Some Christians have quickly distanced themselves from these laws (Andy Stanley, Jonathan Merritt, Kirstin Powers), while the media has shown that, as a general rule, it lacks even a rudimentary understanding of what is at stake here. The net result is that anyone who doesn’t have a firm grasp on the Bible’s teaching about this issue is being swept up in the tide of public opinion. So swift is the tide that even the senators who voted for the law in Arizona a few weeks ago are now publically renouncing their “yes” vote and asking the governor to veto it.
There are really three practical questions for Christians to wrestle through here:

1. Should Christians in any business decline to serve homosexual customers?

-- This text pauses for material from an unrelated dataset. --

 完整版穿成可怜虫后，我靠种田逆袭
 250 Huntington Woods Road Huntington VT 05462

The answer is obviously “no,” and even more telling is that I’m not aware of any case where that has happened. I don’t know of a single example where a Christian McDonald’s manager has refused to serve homosexuals, or a Christian car dealer has declined to sell cars to the LGBT community. In all the coverage of these bills there has not been one reported either. This is telling, especially when it is contrasted with people (like Merritt or Powers) who make it seem like Christians are really just looking for ways to close their doors to immoral customers.

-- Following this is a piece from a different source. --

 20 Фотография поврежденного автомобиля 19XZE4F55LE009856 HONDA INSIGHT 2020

2. Should Christian business owners use their business to celebrate or advance gay marriage ceremonies?

The answer here is likewise “no.” And that is where the current debate comes in. When a wedding photographer in New Mexico refused to shoot a gay marriage, she was sued, and lost. When an Oregon baker refused to make personalized wedding cake for a same-sex marriage, the state ordered the business to close.

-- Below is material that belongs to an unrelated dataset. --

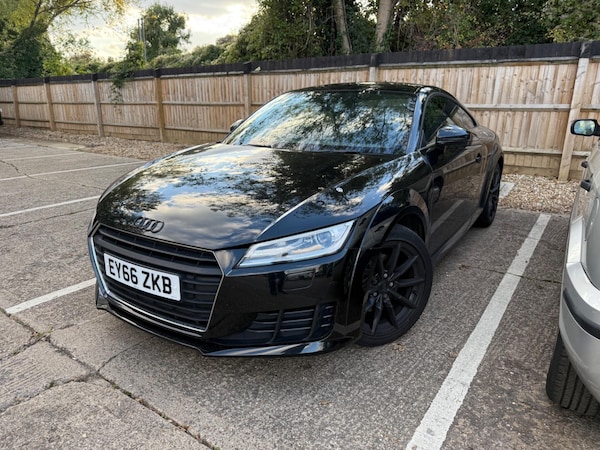 Used Audi TT 2016 for sale - 76108712: Photo 1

But I also grant that there is a lot of gray area here. The biblical principle in play is that believers should not “approve” of gay marriage (Rom 1:32 ). But what is “approving” of a wedding? Certainly attending one is approving of it. But what if you own a light business, and they want to rent lights from you? Is that approving? It seems clear cut if you are photographer or pastor or DJ—those are three people whose participation requires celebratory conduct—that selling your services to a ceremony would require celebrating it. But what if you are just renting out chairs?

This is why those decisions are best left to individual conscience. If you are a believer, don’t violate your conscience. It really is that simple.

3. Should Christians push for laws granting us the right to refuse to sell services to gay weddings?

Well, it would be nice for those laws to exist (and even nicer if they were unnecessary to begin with). But I honestly can’t see how they would make any difference to anyone’s actions. Christians should not violate their conscience by going against God’s word—and it doesn’t really matter if its legal or not. I also can’t help but lament the legal fool-hardiness of these laws. If one of them does become law—which is looking very unlikely—it would obviously be struck down by a court in a matter of weeks. This past summer the US Supreme Court ruled that marriage should be defined by the states, and only a few months later federal judges began striking down state marriage laws. In New Mexico, the Supreme Court there granted that the laws protecting religious freedom and laws banning discrimination against homosexuals were contradictory, but they then ruled that where they contradict that the anti-discrimination laws should be followed. Nobody can really think that this new legislation would last at all. People are showing an alarming naiveté in thinking that these laws would last.

But that’s not really the point. The point is that as this culture continues to attack God’s word, it will turn on God’s people. And when that happens, persecution comes. When persecution comes, it will not do any good to look for laws to justify your conduct. If you are not rooted on God’s word, then you will be swept away with the tides of public opinion.”